WORK TASK: Retype the whole listing verbatim and keep the pictures out of it.

PROVIDED DATA:
::::::::
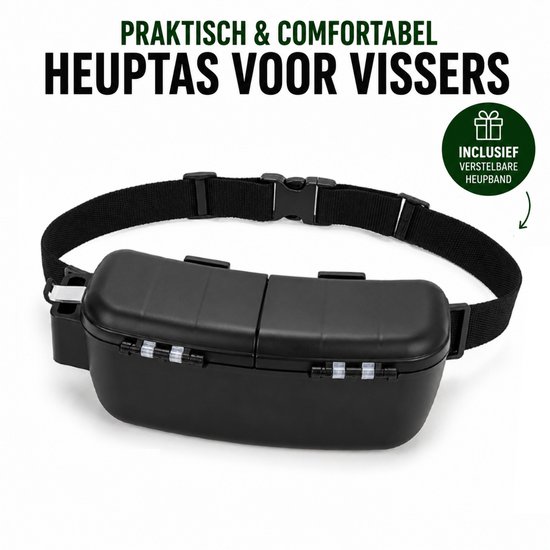 Visaas Heuptas met Opbergdoos – Fishing Tackle Box voor Vis-aas, Haken & Onderlijnen – Verstelbare Heupgordel – Viskoffer Organizer – Vaderdag Cadeau – 27 x 10 x 10 cm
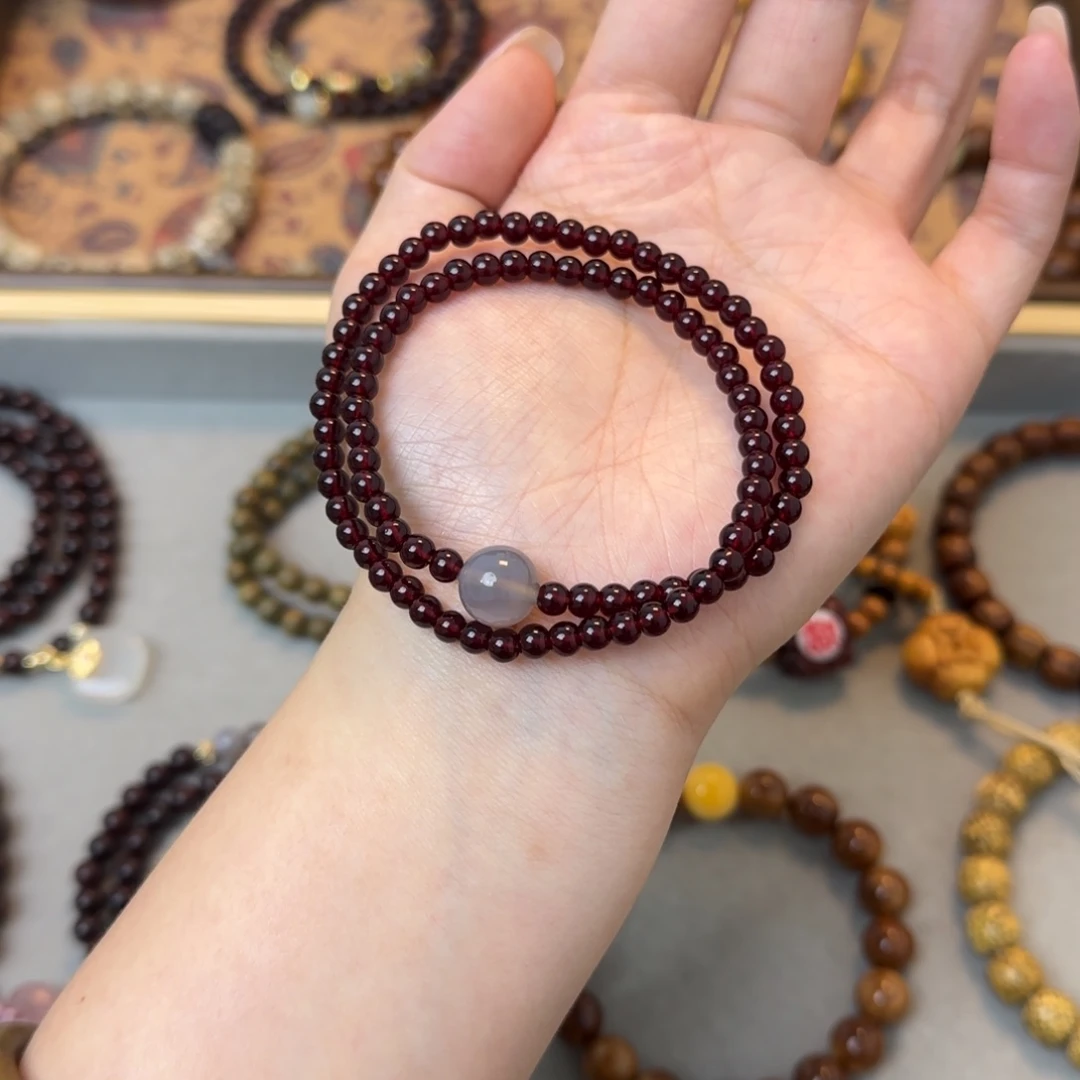 非洲紫檀（红花梨）把件双圈石榴石4m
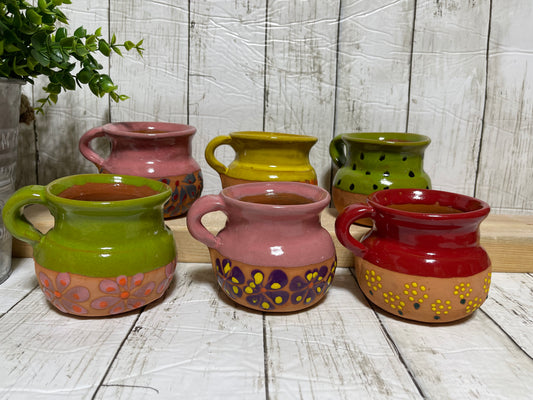 Puebla Mexico pottery Jarrito de barro cafetero/colored terracotta coffee mug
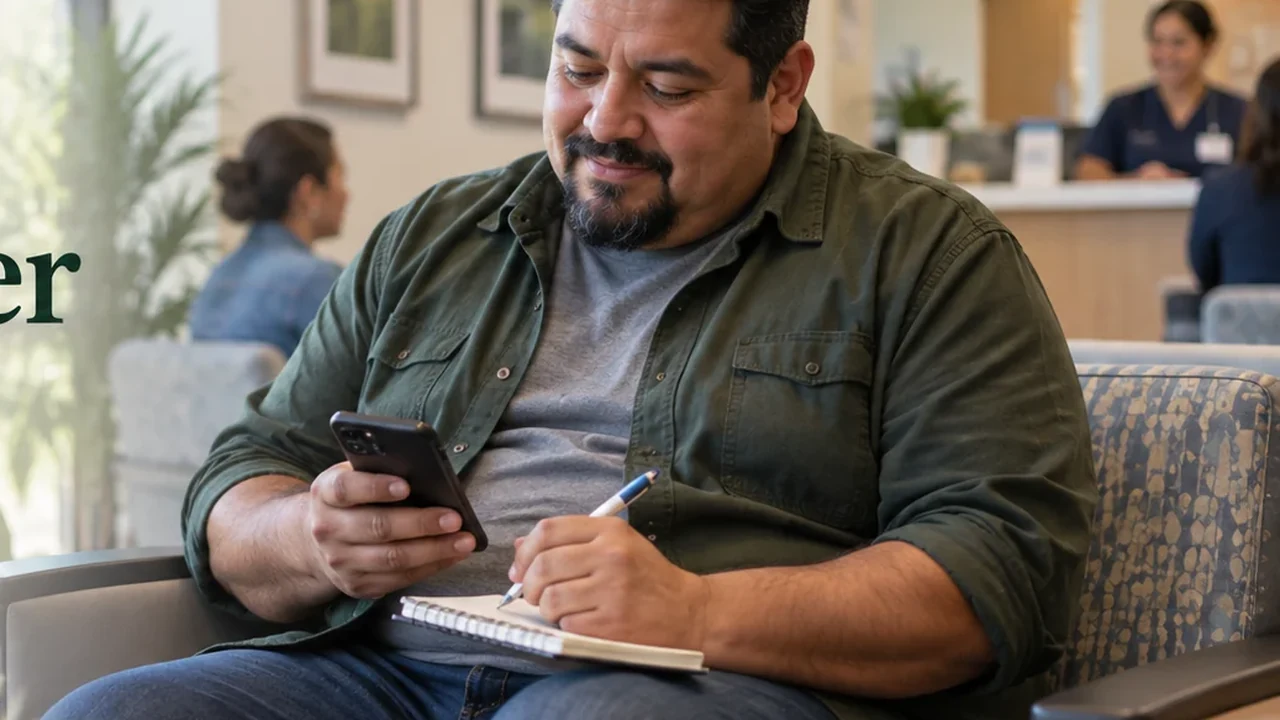 An MHR Club member preparing questions while waiting for an appointment.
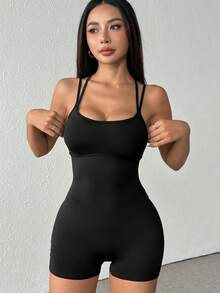 1 件性感细肩带连体裤，可爱健身运动服和瑜伽连体衣塑身衣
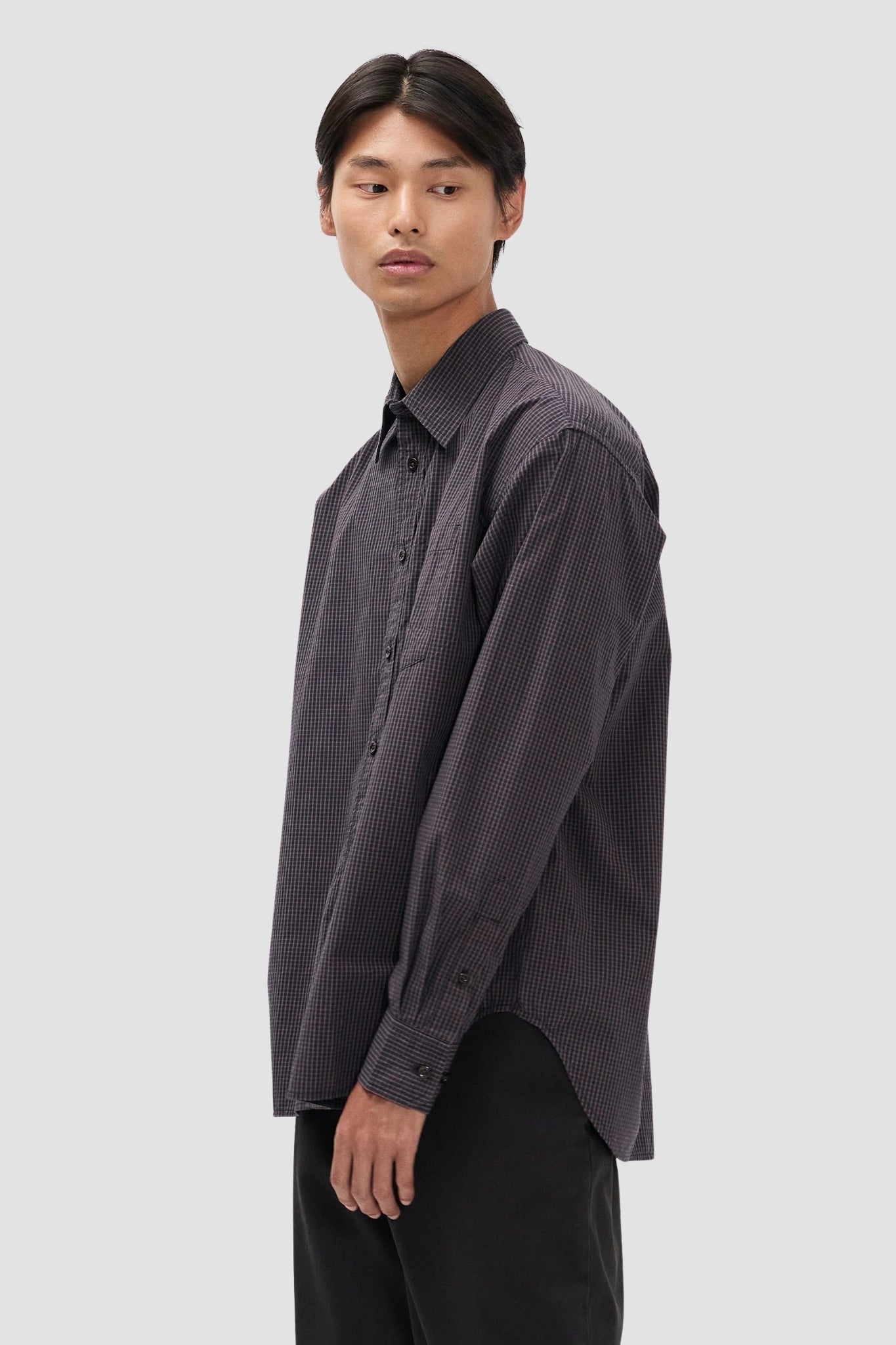 ESPEVIK OVERSIZE POPLIN CHECK SHIRT Dark Navy Check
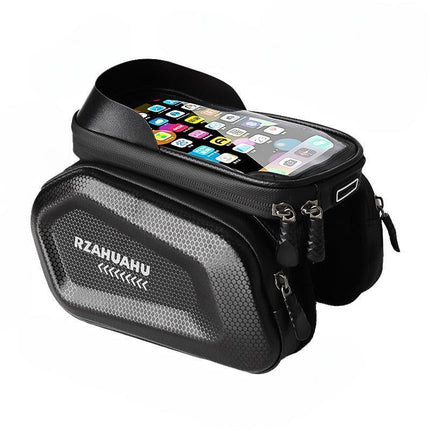 Waterproof Bike Frame Bag with Touchscreen & Headphone Hole: 3-in-1 Capacity Bicycle Bag for Phones & Gear, Aussie Cyclist Essential.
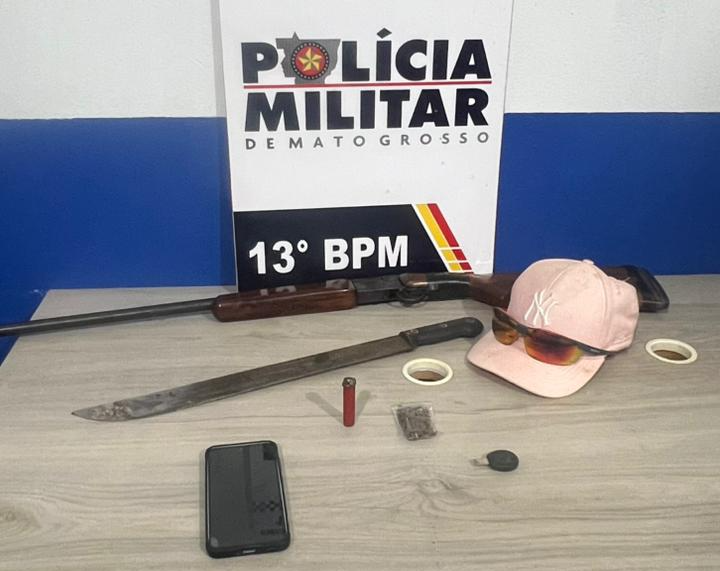 Homem atira com espingarda em mulher após levar tapa e é preso em flagrante pela PM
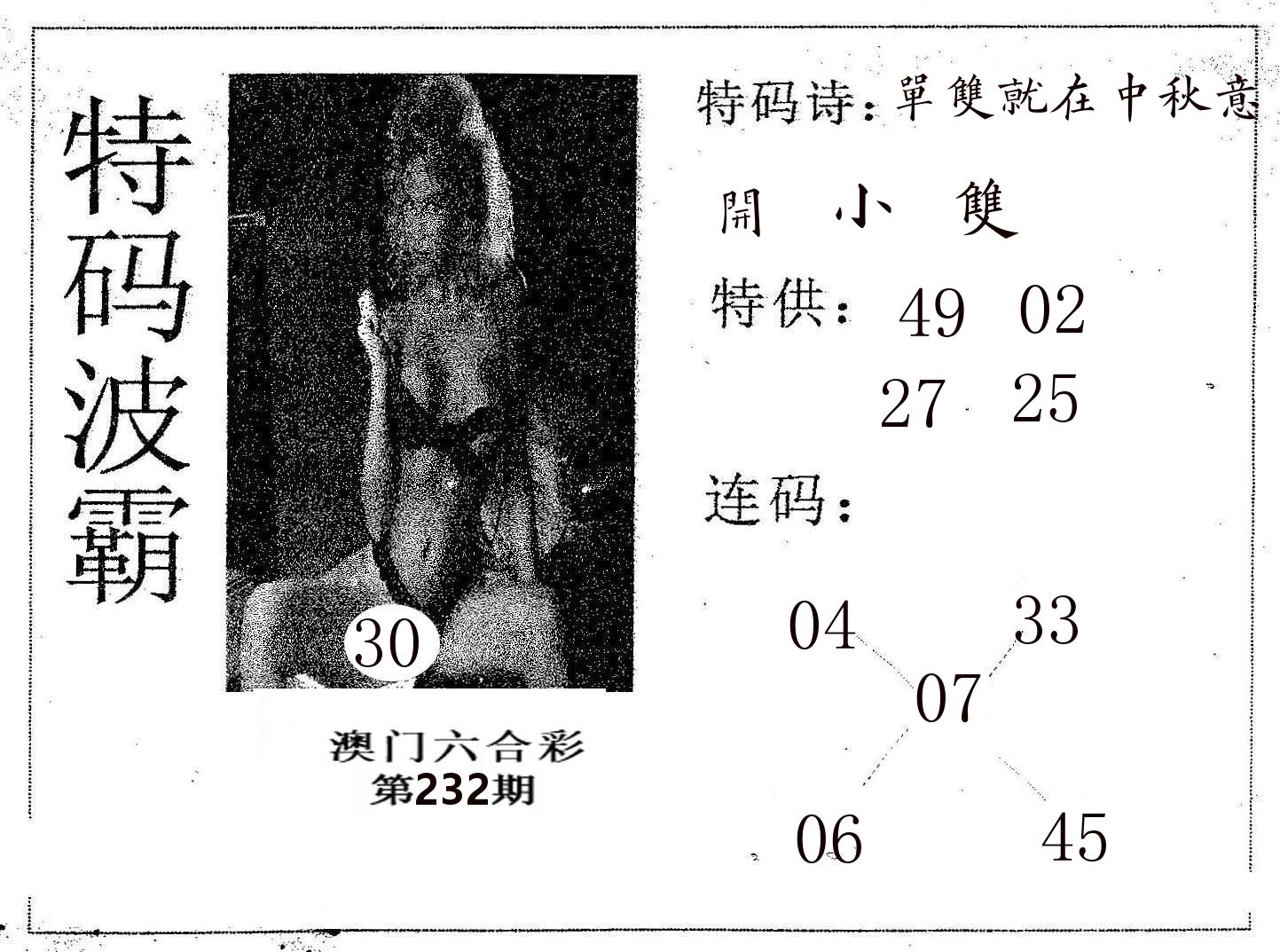 特码波霸 第232期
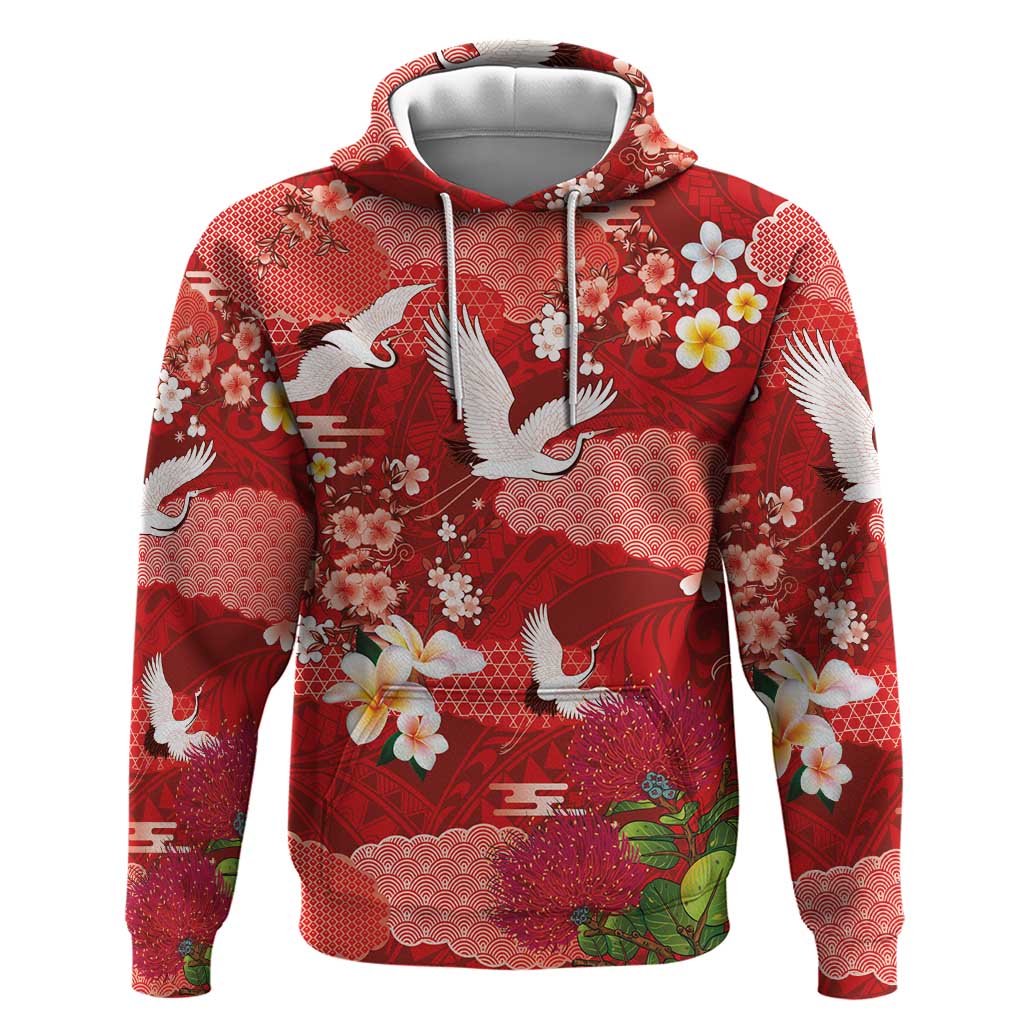 Hawaiian and Japanese Culture Together Hoodie Red Ohia Lehua Plumeria and Sakura Blooming LT03 Pullover Hoodie Red - Polynesian Pride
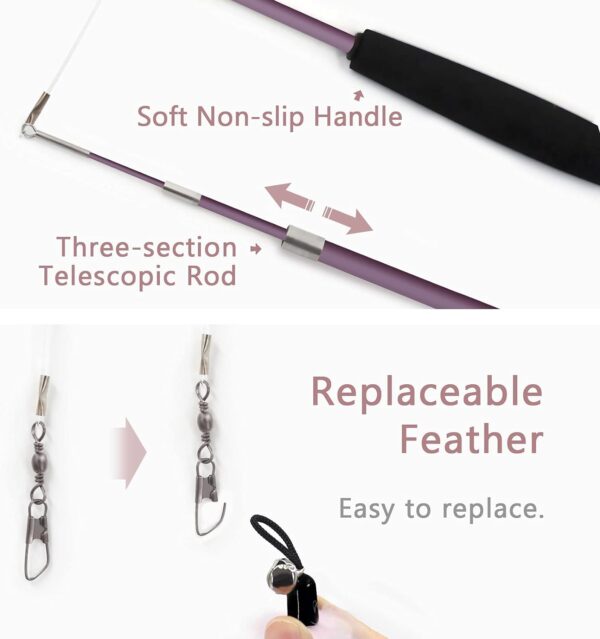 SONGWAY Cat Feather Stick Toy - 7 PCS Cat Feather Toys, 1 Cat Teaser Wand with 6 Feather Refills with Bell, Interactive Cat Toy Wand for Indoor Cat and Kitten, Pink - Image 4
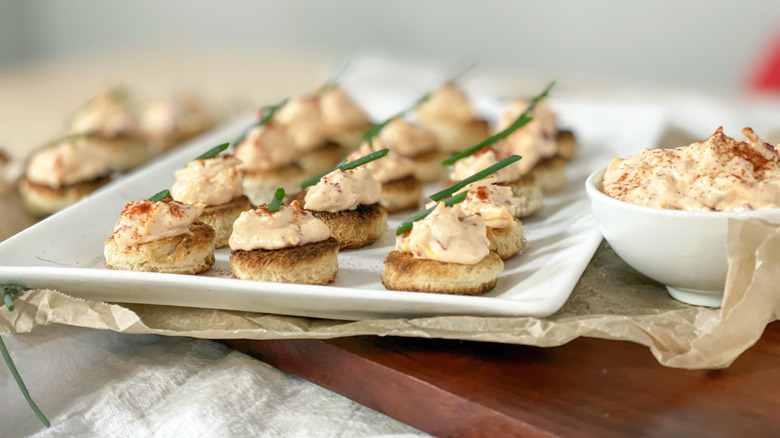 pimento cheese on bread circles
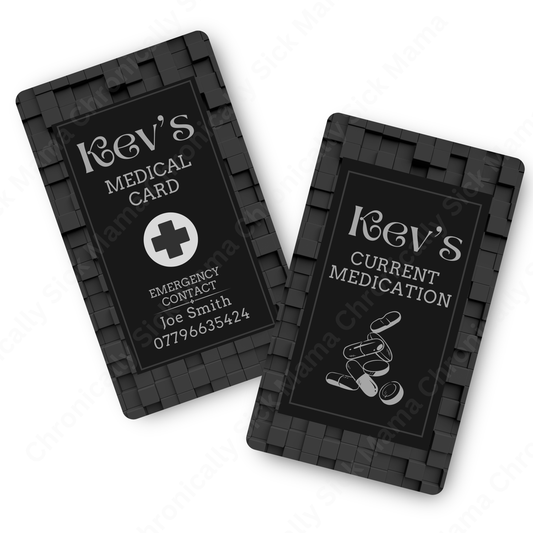 Black Block Geometric | Medical And Medication Cards | List Your Medical Conditions And Medication And Never Forget Them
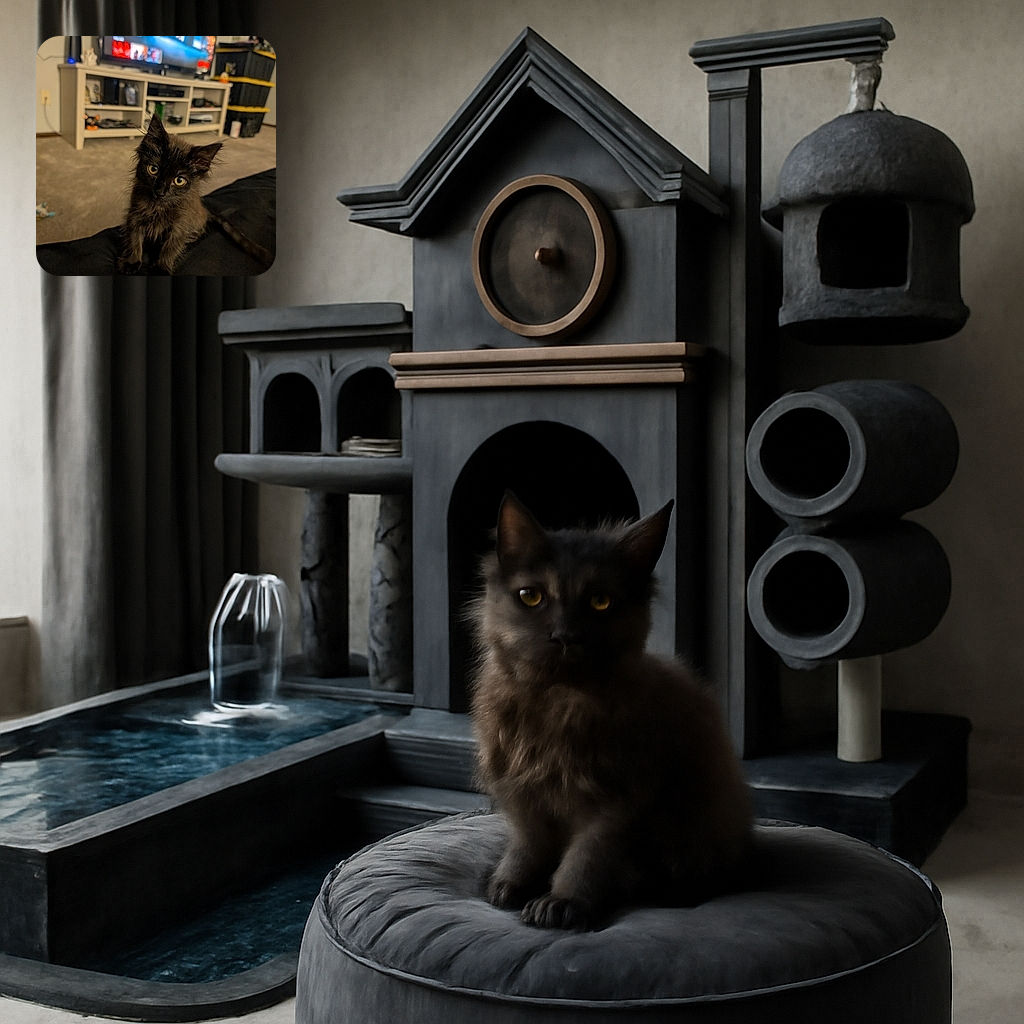 A fluffy black kitten with bright yellow eyes sits adorably on a dark surface, tilting its head curiously. The background shows a cozy living room with a TV, shelves, and some storage bins, slightly out of focus to keep the kitten as the star of the shot.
::::::::
TASK ANSWER:
 Visaas Heuptas met Opbergdoos – Fishing Tackle Box voor Vis-aas, Haken & Onderlijnen – Verstelbare Heupgordel – Viskoffer Organizer – Vaderdag Cadeau – 27 x 10 x 10 cm
 非洲紫檀（红花梨）把件双圈石榴石4m
 Puebla Mexico pottery Jarrito de barro cafetero/colored terracotta coffee mug
 An MHR Club member preparing questions while waiting for an appointment.
 1 件性感细肩带连体裤，可爱健身运动服和瑜伽连体衣塑身衣
 ESPEVIK OVERSIZE POPLIN CHECK SHIRT Dark Navy Check
 Waterproof Bike Frame Bag with Touchscreen & Headphone Hole: 3-in-1 Capacity Bicycle Bag for Phones & Gear, Aussie Cyclist Essential.
 Homem atira com espingarda em mulher após levar tapa e é preso em flagrante pela PM
 特码波霸 第232期
 Hawaiian and Japanese Culture Together Hoodie Red Ohia Lehua Plumeria and Sakura Blooming LT03 Pullover Hoodie Red - Polynesian Pride
 SONGWAY Cat Feather Stick Toy - 7 PCS Cat Feather Toys, 1 Cat Teaser Wand with 6 Feather Refills with Bell, Interactive Cat Toy Wand for Indoor Cat and Kitten, Pink - Image 4
 pimento cheese on bread circles
 Black Block Geometric | Medical And Medication Cards | List Your Medical Conditions And Medication And Never Forget Them
 A fluffy black kitten with bright yellow eyes sits adorably on a dark surface, tilting its head curiously. The background shows a cozy living room with a TV, shelves, and some storage bins, slightly out of focus to keep the kitten as the star of the shot.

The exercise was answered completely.